Marvin Pourié wechselt leihweise zu Eintracht Braunschweig. Wir sprachen einst mit ihm über sein Leben als Wandervogel und Fußball in der 3. Liga.
Marvin Pourie, Sie spielten in fünf verschiedenen Ländern, auf mehr als zehn Stationen. Wann begann Ihre Tour als Weltenbummler?
Ich bin in der U15 von meinem Heimatort Hamm im Ruhrgebiet rüber nach England auf die Insel. Zum FC Liverpool. Vorher hatte ich aber schon mal drei Jahre bei Borussia Dortmund verbracht.
Wie ist es für einen Vierzehnjährigen, nach England zu ziehen?
Ganz ehrlich: Die ersten Wochen in Liverpool waren schlimm. Ich habe wirklich kein einziges Wort verstanden. Mein Schulenglisch konnte ich da drüben komplett vergessen. Alles, was ich bis dahin gelernt hatte, war nutzlos. Dieser Scouse-Akzent hat es mir sehr schwer gemacht. Ich lebte zwar in einer Gastfamilie, war in dieser Zeit aber sehr oft allein. Ich hatte unglaubliches Heimweh.
Gibt es trotzdem ein Highlight, das Sie aus England noch immer im Gedächtnis haben?
Das war natürlich auf dem Rasen. Sobald der Ball rollt, vergesse ich vieles drumherum. Im Youth-Cup-Finale spielten wir mit Liverpool gegen Arsenal in der heiligen Stätte Anfield.

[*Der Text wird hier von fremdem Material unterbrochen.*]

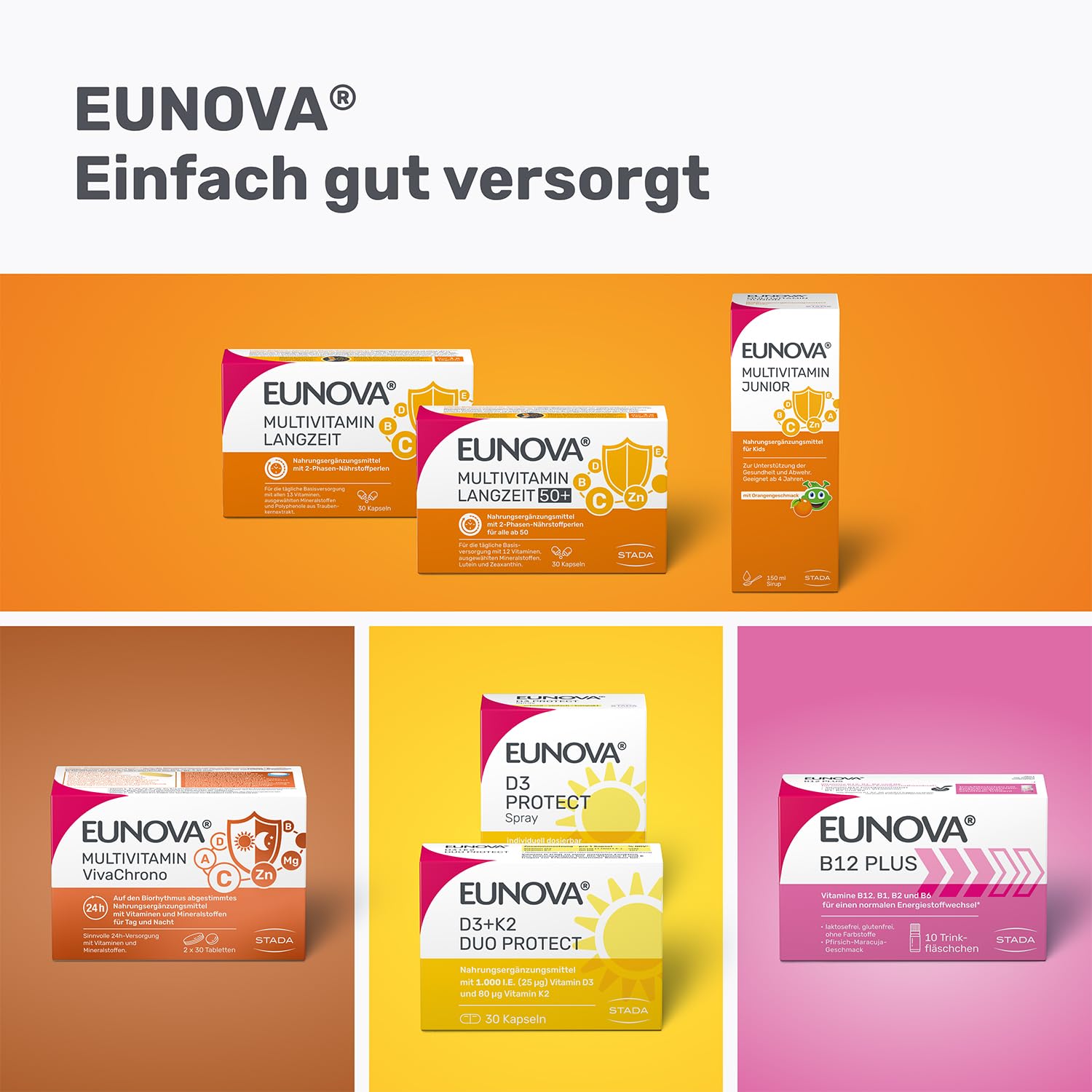 eunova-b12-plus-b-vitamin-komplex-30-x-8-ml-trinkfl-schchen image 8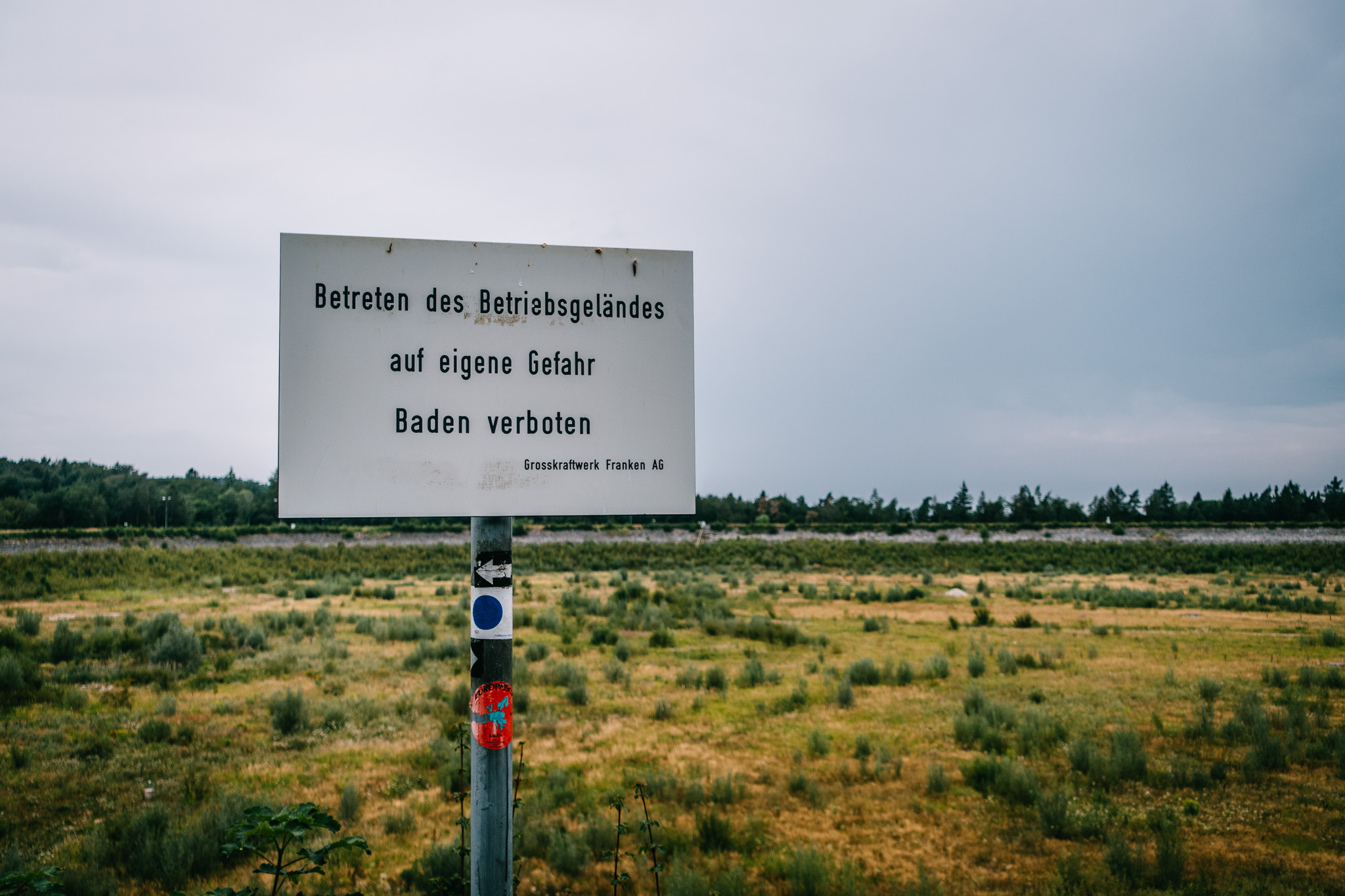 2019-07-27 Hersbruck two top basin-0057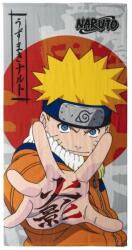  Naruto Jutsu fürdőlepedő, strand törölköző 70x140cm (Fast Dry) (CEP2200010222) - sandori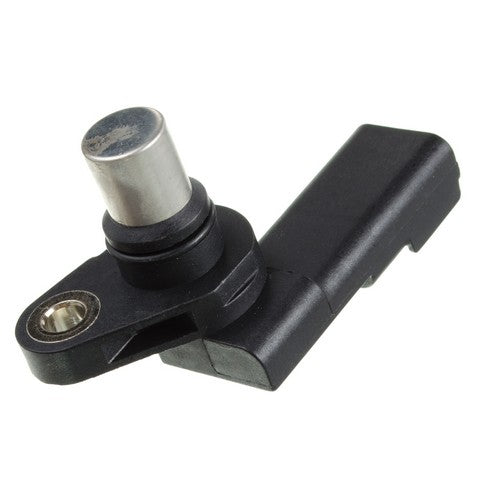 https://www.ShowMeThePartsdb.com/bin/images/HolsteinParts/2CAM0275_02.jpg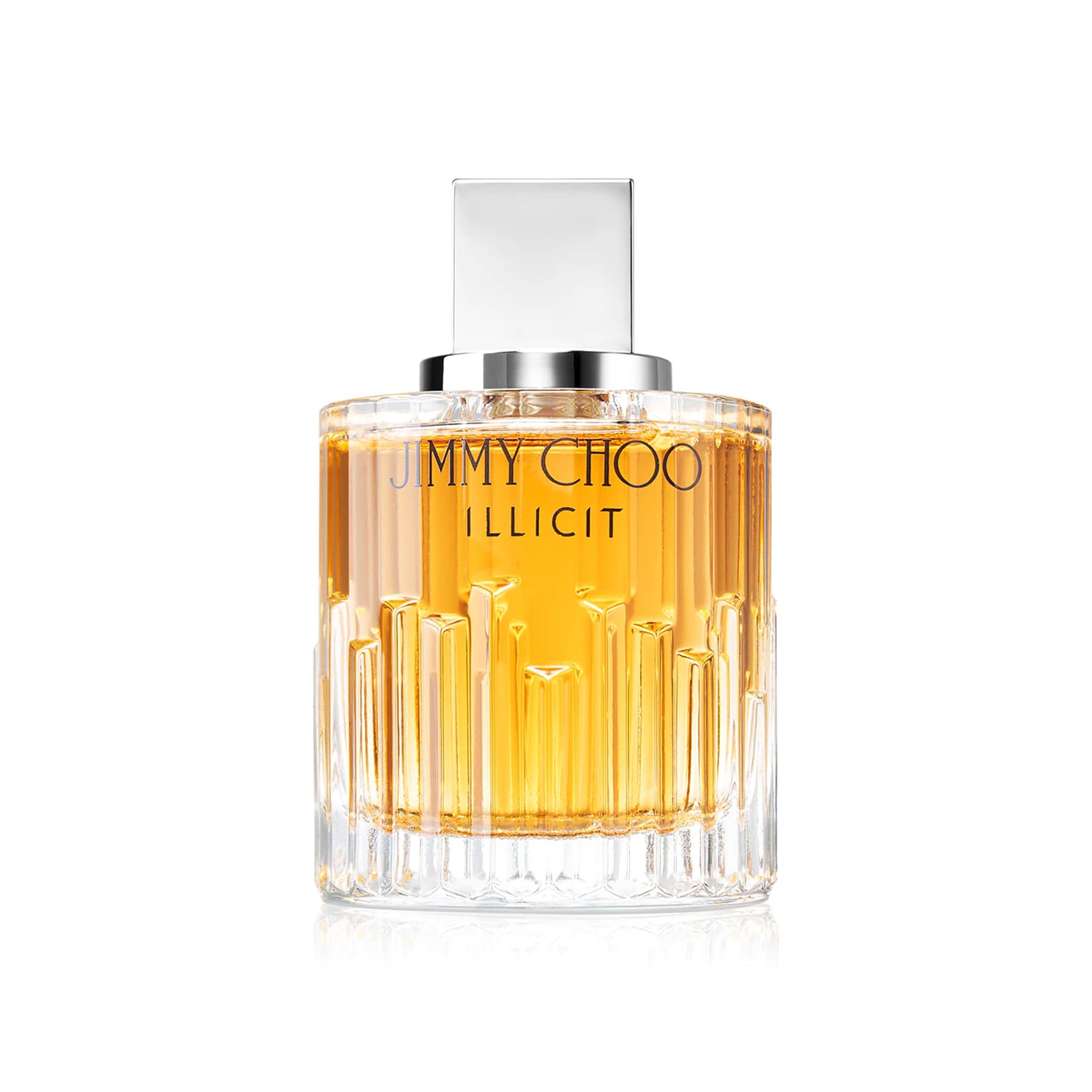Illicit by Jimmy Choo - Apa de Parfum Dama - 60 ml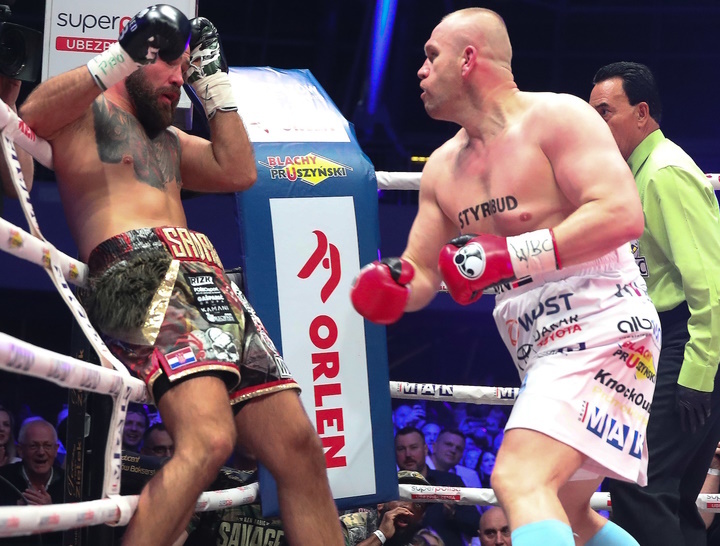 rozanski-babic-fight (2)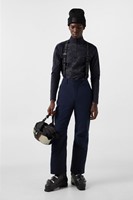 Bogner Fire+Ice Scott Pants M - Deepest Navy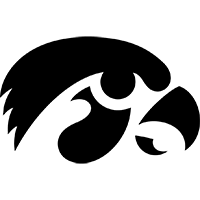 中暴露的困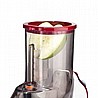 מסחטת עשב חיטה 48181 Morphy Richards מורפי ריצ'רדס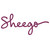 Logo Sheego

Ich erinnere mich noch, wie nah die Fans am Spielfeld saßen. Die fassen dich quasi an.
In Deutschland spielten Sie dann für Schalke und 1860 München.
Ich hatte in England gelernt, dass ich schnell erwachsen werden musste. Zurück in Deutschland bin ich dann mit einem übertriebenen Selbstbewusstsein aufgetreten. Ich glaube, dass das ein reiner Schutzmechanismus war. Auf andere wirkte ich aber arrogant. Ich bin auf Schalke und in München deswegen oft angeeckt.
In Ihrer Zeit in Silkeborg war es nicht anders. Sie sagten einmal: „50 Prozent der Mannschaft haben mich gehasst, der Rest geliebt.“
Ja, das war so eine Äußerung … Wissen Sie, ich habe schon immer frei heraus meine Meinung gesagt. Damit können nicht alle umgehen. In meinem letzten Jahr beim dänischen Klub Randers FC hatte ich beispielsweise die totale Ladehemmung und habe nichts getroffen. Meine Art kommt dann nicht gut an, wenn der Klub zusätzlich in der Krise steckt. Viel hängt vom Umfeld ab, hier in Karlsruhe ist das anders.
Wie meinen Sie das?
Wir haben einen überragenden Charakter in der Truppe. Als wir im Sommer in der Relegation gegen Aue gescheitert sind, habe ich bereits in der Kabine gemerkt: Da ist ein Wille in der Mannschaft, dass wir den Traum direkt noch einmal angehen.
Sie sind der zweitbeste Torschütze der Liga. Welche Rolle spielen Sie in der Mannschaft?
Ich sehe mich nicht als Führungsspieler, aber meine Stimme hat intern sicherlich Gewicht. Was die Tore angeht: Ich hatte wahrscheinlich Möglichkeiten für mindestens 20 Treffer. So selbstkritisch muss ich sein.
Was macht den KSC in diesem Jahr so stark?
Bei unserem Sieg gegen Osnabrück waren wir noch etwas wackelig. Aber danach haben wir den Tabellenführer Uerdingen an die Wand gespielt. Da war mir klar, dass wir zusammen als Team funktionieren. Wir haben zwölf Punkte in 14 Tagen gesammelt und sind plötzlich oben rangerückt. Der Wille ist entscheidend, in der Kabine haben wir gesagt: „Ab jetzt können wir uns nur selbst schlagen.“
Sie sind viel rumgekommen. Wie schätzen Sie den Fußball in der Dritten Liga ein?
Er ist sehr physisch. Im Grunde ist es Fußball, wie man ihn von früher kennt. Es wird an der Grasnarbe gekämpft. Das mache ich auch. Ich habe keine Probleme damit, mich in die Zweikämpfe reinzuwerfen. Das ist meine Philosophie.